The two letters–one sent separately and one sent as part of a coalition of industry trade groups–questioned the proposed “waterfall approach” to UMBS pooling practices, warning that the proposal could have a “negative effect” on market liquidity and result in less credit access and higher borrowing costs. The “waterfall approach” allocates loans to standardized multi-lender pools, specified pools, and special-purpose/single-lender pools. Under this set-up, an increase in the share of loan production is delivered into multi-lender pools either through incentives provided to originators or requirements levied on them.
“MBA believes the proposed changes are likely to have a negative effect on market liquidity and could thereby raise borrowing costs and reduce access to credit,” MBA Senior Vice President Residential Policy and Member Engagement Pete Mills wrote in his letter to Calabria. “Further, it is not clear that there are problems or inefficiencies in the current market that provide justification for the scale of the proposed changes. MBA therefore strongly urges FHFA not to implement the proposal as envisioned in the RFI.”

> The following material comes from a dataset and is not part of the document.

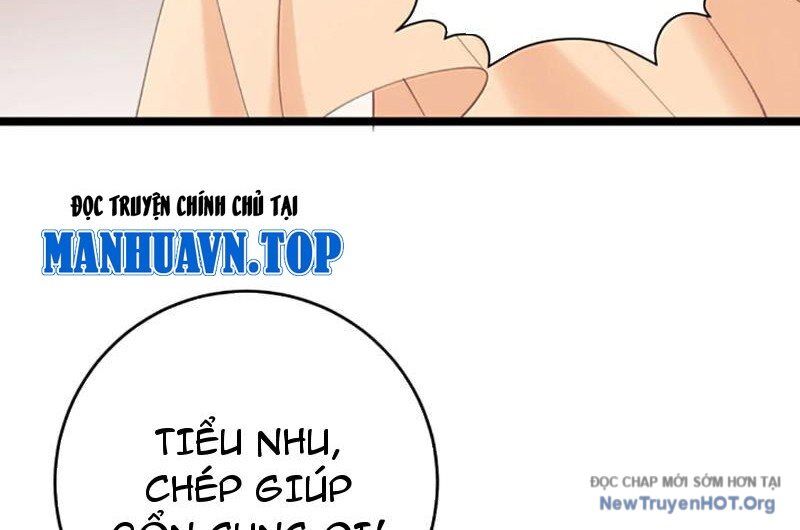 Đập Vỡ Hoàng Đế Nữ Nhi Thân Chap 48 - Next Chap 49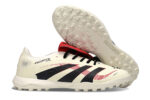 Adidas Predator Elite – קטרגל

Mills added that the MBA believed the FHFA’s proposal “could weaken investor demand due to this restricted range of pool types. The significant diversity of investors in the conventional MBS market is the driver of the deep liquidity in this market. A diverse range of investors features a diverse range of preferences, and regulatory limits on pooling parameters could prevent the creation of pools that are demanded by certain investors.”